Given information
_ _ _ _ _
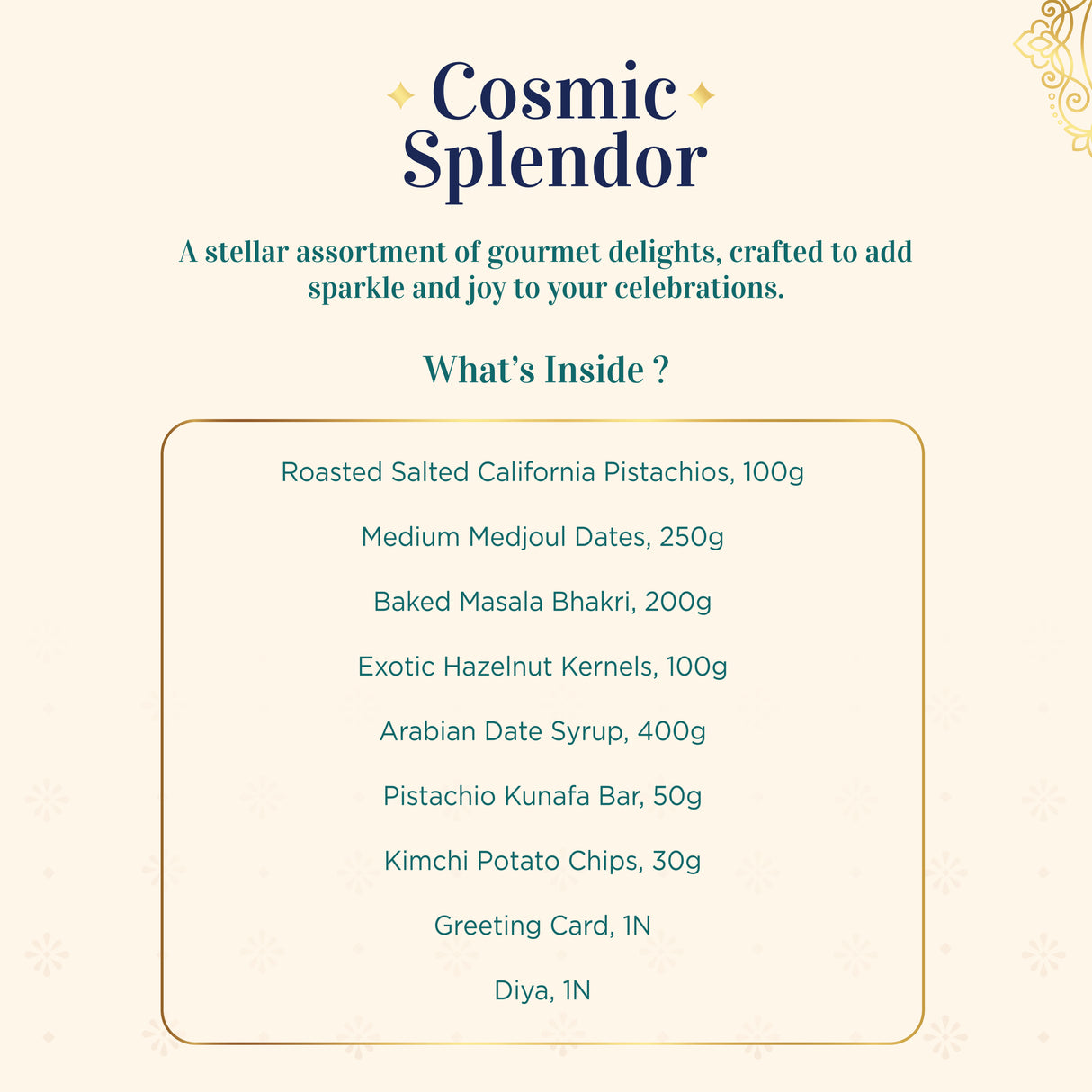 Urban Platter Cosmic Splendor Hamper (Cosmos inspired luxury Keepsake | Roasted Nuts & Luxury Chocolates | Gourmet Sweet Treats | Perfect for Festive Gifting)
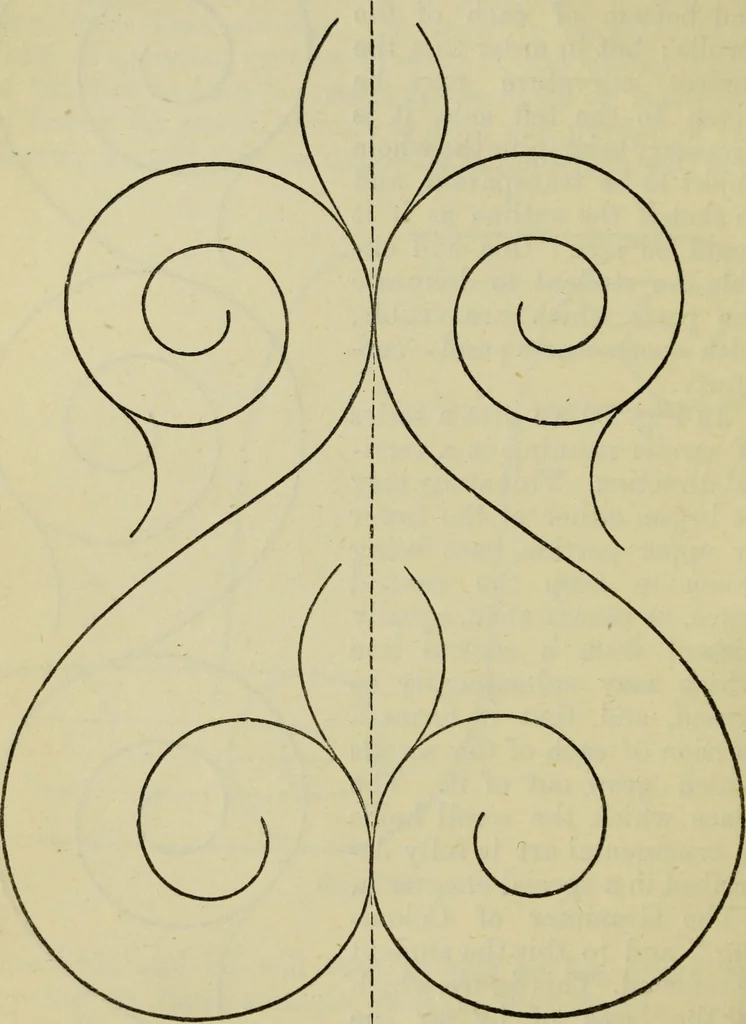 An illustration from A practical manual of house-painting, graining, marbling and sign-writing : containing full information on the processes of house-painting in oil and distemper, the formation of letters and practice of sign-writing, the principles of decorative art, a course of elementary drawing for house-painters, writers, etc., and a collection of useful receipts ; with nine coloured illustrations of woods and marbles, and numerous wood engravings, 1888, leaf 289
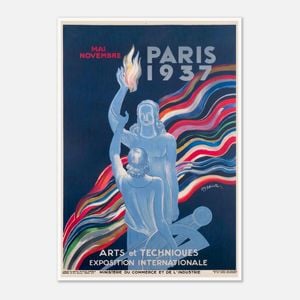 Galrie Vintage 1937 Paris Arts and Techniques International Exhibition Poster Art Décor, Poster Only, A2 42 x 60cm (16 x 24inch)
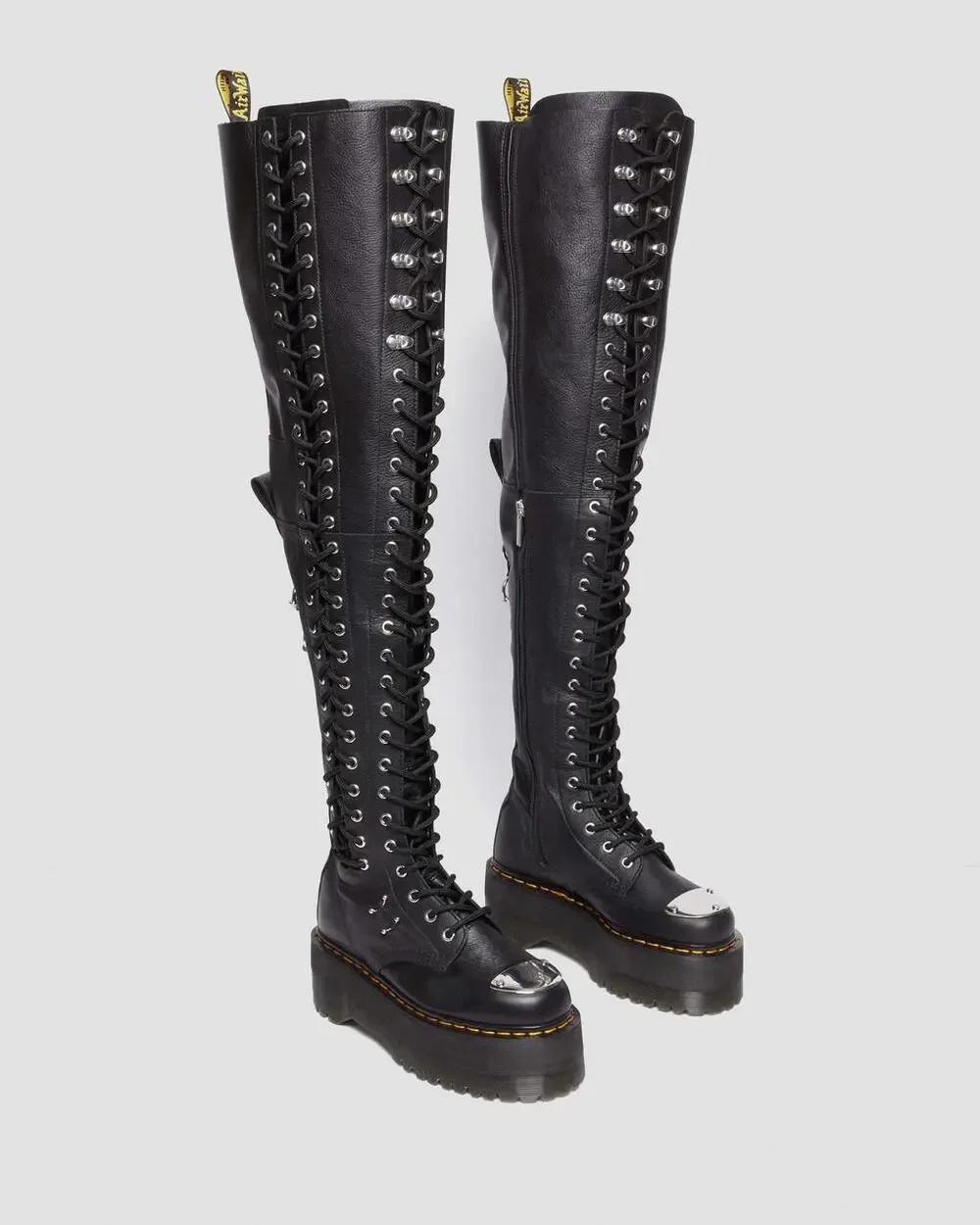 DR MARTENS WOMEN'S 6 VIRGINIA LEATHER 28-EYE EXTREME MAX THIGH HIGH BOOTS NWOB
_ _ _ _ _
Your objective
Output every line above exactly as it stands, and drop any picture.

Response area
 Urban Platter Cosmic Splendor Hamper (Cosmos inspired luxury Keepsake | Roasted Nuts & Luxury Chocolates | Gourmet Sweet Treats | Perfect for Festive Gifting)
 An illustration from A practical manual of house-painting, graining, marbling and sign-writing : containing full information on the processes of house-painting in oil and distemper, the formation of letters and practice of sign-writing, the principles of decorative art, a course of elementary drawing for house-painters, writers, etc., and a collection of useful receipts ; with nine coloured illustrations of woods and marbles, and numerous wood engravings, 1888, leaf 289
 Galrie Vintage 1937 Paris Arts and Techniques International Exhibition Poster Art Décor, Poster Only, A2 42 x 60cm (16 x 24inch)
 DR MARTENS WOMEN'S 6 VIRGINIA LEATHER 28-EYE EXTREME MAX THIGH HIGH BOOTS NWOB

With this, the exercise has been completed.